Significantly enhanced mechanical quality factor of acceptor-doped quadruple point composition in lead-free Ba(Zr,Ti)O3 ceramics

Abstract

High mechanical quality factor (Q_m) is crucial in high-power applications of piezoelectric ceramics because it affects key performance parameters such as sensitivity, efficiency, and stability of devices. Acceptor doping has been the state-of-the-art approach to improve Q_m. In the past few decades, many previous research has focused on acceptor doping at the phase boundary to achieve high-performance piezoelectric ceramics.
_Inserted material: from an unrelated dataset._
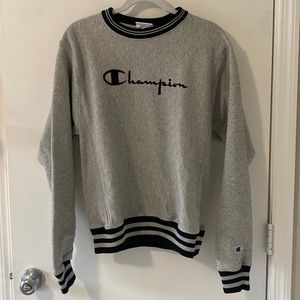 BRAND NEW REVERSE WEAVE CHAMPION CREWNECK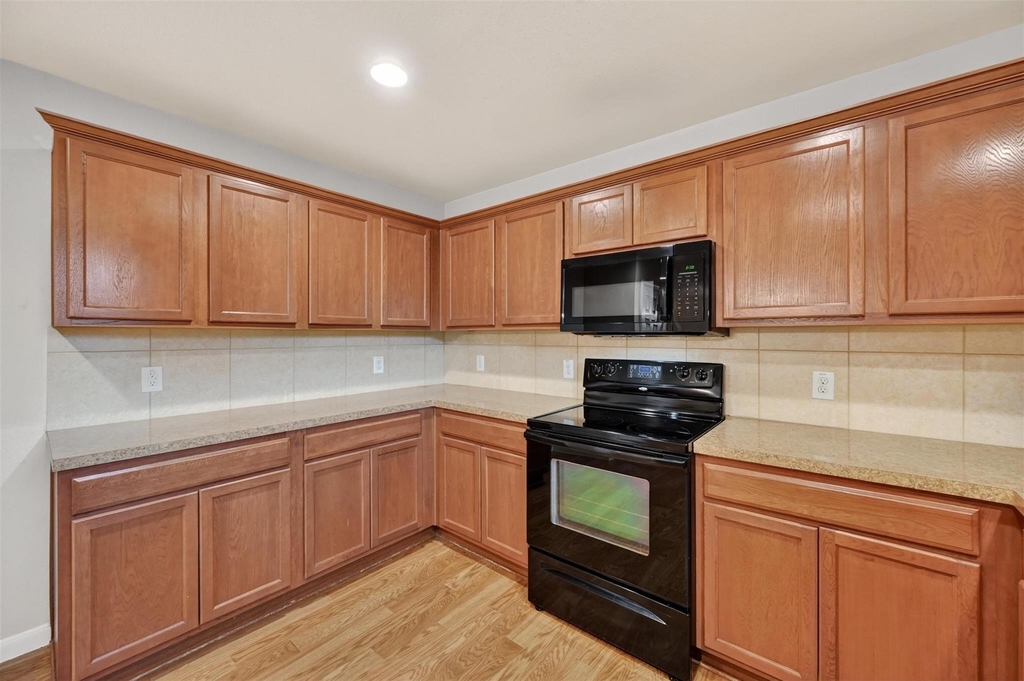 9133 Sun Haven Way - Photo 9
Here, we found that compared with the acceptor-doped phase boundary compositions, the acceptor-doped quadruple point composition can achieve significantly enhanced Q_m. The optimal Q_m value is up to 1100, which is three times higher than the Q_m (approximately 254) obtained in the acceptor-doped phase boundary composition, and also higher than the Q_m obtained in the acceptor-doped single-phase region compositions. Piezoresponse force microscopy (PFM) characterization reveals that the pinning effect induced by defect dipoles is more pronounced in the acceptor-doped quadruple point composition compared with the acceptor-doped phase boundary composition, resulting in reduced domain mobility and enhanced Q_m. This work provides new insights into the design of lead-free and lead-based piezoelectric materials with high mechanical quality factors.